As we go through this phase of controlling inflation with a balanced budget commitment and other measures on restraining consumer spending and building up savings, we must not permit the ravages of recession to damage the progress that we've made in providing jobs for our people and a restoration of the older and more deteriorating urban centers of our country.

This is what I fear about the Congress action recently on the first budget resolution. It hasn't gotten much publicity throughout the country, but it severely restrains some programs carefully designed for those purposes—for jobs, for cities, for training, for education—those very things that will prevent recession getting out of hand. And we cannot afford to slash those too deeply and add money to a budget for defense, for instance, which is more than we actually need. So, there must be a careful balancing of those forces as we go into the months ahead.

The last point I'd like to make to you is this: A government can obviously have a great effect on the course of a nation. We cannot expect to control inflation, for instance, unless the Government is willing to exercise, in a demonstrable way, self-discipline. We've been borrowing too much and our deficits have been too great.

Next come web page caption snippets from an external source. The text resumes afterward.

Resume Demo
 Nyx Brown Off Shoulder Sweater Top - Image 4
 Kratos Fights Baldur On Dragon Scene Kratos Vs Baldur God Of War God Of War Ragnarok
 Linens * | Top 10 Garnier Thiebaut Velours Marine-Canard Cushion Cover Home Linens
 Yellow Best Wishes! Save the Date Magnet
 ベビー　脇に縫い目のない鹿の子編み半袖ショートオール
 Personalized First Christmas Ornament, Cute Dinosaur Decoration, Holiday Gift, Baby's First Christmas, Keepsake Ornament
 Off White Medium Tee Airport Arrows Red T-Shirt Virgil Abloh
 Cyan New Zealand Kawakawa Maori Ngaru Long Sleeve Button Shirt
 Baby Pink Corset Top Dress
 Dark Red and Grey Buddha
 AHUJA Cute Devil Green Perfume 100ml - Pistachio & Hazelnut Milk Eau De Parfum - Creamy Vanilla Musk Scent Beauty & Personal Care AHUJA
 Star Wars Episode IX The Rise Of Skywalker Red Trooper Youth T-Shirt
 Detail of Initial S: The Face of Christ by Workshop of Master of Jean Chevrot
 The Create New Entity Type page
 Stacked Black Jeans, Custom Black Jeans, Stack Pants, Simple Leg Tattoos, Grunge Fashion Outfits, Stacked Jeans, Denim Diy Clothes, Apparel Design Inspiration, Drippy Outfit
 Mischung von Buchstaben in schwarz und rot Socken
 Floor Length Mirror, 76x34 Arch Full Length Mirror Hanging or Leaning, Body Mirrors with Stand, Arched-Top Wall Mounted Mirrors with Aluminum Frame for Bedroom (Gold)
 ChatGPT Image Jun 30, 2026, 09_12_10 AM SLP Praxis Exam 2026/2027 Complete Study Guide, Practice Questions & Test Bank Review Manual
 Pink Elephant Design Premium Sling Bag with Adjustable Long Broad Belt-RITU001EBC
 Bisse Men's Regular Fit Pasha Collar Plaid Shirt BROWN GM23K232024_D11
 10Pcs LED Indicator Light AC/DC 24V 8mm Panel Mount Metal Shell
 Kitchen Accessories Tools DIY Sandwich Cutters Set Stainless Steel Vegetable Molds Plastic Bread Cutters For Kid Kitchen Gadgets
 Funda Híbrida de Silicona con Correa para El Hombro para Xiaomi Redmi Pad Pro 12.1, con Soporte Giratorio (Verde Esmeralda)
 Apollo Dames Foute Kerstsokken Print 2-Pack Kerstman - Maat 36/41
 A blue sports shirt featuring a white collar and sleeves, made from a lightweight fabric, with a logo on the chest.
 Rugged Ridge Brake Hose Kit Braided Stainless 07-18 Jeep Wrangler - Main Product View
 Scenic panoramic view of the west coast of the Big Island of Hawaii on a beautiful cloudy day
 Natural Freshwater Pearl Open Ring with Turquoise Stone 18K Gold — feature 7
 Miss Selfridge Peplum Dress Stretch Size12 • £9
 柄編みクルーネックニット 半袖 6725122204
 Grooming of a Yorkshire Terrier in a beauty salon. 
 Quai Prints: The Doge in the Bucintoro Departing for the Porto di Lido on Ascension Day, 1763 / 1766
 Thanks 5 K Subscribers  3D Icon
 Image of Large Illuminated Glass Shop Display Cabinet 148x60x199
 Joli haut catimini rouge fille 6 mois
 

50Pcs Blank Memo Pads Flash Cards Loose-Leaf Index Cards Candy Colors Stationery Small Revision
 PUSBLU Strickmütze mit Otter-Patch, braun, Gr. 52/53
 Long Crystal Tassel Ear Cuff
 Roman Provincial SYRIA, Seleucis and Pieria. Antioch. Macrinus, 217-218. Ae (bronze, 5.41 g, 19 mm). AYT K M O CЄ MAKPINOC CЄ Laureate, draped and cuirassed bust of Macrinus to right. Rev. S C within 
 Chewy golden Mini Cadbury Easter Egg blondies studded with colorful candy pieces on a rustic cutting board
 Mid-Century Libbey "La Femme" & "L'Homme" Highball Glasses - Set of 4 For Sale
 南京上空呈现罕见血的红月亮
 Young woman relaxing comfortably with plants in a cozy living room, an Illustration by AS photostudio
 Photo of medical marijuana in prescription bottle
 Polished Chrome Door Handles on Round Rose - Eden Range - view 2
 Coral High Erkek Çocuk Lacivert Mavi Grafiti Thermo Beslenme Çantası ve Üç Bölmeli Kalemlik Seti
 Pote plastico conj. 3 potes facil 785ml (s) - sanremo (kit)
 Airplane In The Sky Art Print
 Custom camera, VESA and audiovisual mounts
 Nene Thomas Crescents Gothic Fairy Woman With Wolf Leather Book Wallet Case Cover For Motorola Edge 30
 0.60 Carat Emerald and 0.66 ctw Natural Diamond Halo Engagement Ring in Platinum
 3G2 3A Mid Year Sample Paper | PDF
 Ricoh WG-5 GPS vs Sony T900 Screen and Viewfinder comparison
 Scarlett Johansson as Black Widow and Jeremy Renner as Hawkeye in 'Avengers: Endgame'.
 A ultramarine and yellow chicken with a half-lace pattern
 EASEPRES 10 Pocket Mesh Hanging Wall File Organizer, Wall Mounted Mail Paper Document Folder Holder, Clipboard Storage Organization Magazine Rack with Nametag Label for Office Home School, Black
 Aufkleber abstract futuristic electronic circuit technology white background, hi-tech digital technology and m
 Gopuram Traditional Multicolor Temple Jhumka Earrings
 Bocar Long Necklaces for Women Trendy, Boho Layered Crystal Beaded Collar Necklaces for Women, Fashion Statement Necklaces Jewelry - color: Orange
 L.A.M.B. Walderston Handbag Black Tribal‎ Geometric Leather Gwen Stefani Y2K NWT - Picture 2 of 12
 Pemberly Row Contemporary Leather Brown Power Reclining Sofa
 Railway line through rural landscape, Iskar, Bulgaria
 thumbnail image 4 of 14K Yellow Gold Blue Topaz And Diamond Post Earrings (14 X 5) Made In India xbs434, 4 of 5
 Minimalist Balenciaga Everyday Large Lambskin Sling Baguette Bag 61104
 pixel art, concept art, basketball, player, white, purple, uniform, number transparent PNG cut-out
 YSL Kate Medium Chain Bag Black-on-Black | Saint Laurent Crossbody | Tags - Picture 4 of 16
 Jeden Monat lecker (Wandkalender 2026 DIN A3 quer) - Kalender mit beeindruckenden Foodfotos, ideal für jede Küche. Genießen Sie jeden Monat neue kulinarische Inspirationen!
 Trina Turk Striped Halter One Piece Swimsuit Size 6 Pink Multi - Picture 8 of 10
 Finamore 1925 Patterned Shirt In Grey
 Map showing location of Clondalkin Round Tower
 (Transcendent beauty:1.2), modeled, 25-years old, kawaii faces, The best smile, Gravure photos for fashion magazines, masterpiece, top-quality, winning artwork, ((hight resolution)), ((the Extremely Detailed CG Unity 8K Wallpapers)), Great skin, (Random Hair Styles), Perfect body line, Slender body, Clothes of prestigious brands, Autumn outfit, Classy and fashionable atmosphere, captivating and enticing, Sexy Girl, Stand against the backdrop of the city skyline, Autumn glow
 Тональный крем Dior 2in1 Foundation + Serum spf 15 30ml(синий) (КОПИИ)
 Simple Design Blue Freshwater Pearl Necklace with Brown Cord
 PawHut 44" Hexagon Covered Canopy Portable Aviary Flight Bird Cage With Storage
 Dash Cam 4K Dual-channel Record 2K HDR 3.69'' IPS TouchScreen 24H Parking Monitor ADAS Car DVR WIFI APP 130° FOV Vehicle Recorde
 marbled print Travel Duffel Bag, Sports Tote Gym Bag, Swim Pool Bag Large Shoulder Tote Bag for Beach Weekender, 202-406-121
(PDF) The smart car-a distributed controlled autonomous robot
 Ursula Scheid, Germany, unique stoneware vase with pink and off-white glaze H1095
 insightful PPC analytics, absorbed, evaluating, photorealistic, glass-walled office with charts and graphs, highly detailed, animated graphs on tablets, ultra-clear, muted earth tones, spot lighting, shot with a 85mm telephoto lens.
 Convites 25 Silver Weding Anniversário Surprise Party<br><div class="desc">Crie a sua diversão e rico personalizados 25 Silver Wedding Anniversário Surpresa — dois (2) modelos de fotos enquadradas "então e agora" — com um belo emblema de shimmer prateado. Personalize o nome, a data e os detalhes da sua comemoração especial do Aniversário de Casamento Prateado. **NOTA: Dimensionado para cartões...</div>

In 1976, when I was running for President, we had a deficit of $66 billion. That was about 4 1/2 percent of our gross national product. In January, when I proposed to the Congress a budget for '81, although it was not quite balanced, we had cut that 4 1/2 percent down to sixtenths of 1 percent. And now the Congress is working on a balanced budget. So, to get the Government out of the deficit spending habit is not easy, but it does indicate that we ourselves, if we're determined here in Washington, can set an example for State and local governments and also for private citizens.

But the strength of our country is derived not from the Government, but from the people who comprise the basic resource of our Nation. And that's why it's so important for you to come here to listen to a discussion by my key advisers and Cabinet officers responsible for economics and for energy and to see how they tie in together with the other decisions that have to be made on national defense, on foreign policy, on training, on education, on jobs, on cities, on transportation, on agriculture, on exports and imports, monetary policy—they're all closely and intimately related.

I'm deeply grateful that you would come here. Each one of you is a leader in your own community. People listen to your voice; they know what you can do for them; you've proven yourselves in a highly competitive system. And I hope that when you leave here this afternoon, you will take with you part of the responsibility that I share with you to recognize the innate and undeviating, unchangeable strength of our country, our ability to accommodate change successfully, the responsibility we have to lead other countries, and the special problems that we do face during a transition time in world life where we can prevail, and make the greatest nation on Earth even greater in the future. That's what I hope you'll do when you leave here.

Note: The President spoke at 3: 17 p.m. in the East Room at the White House.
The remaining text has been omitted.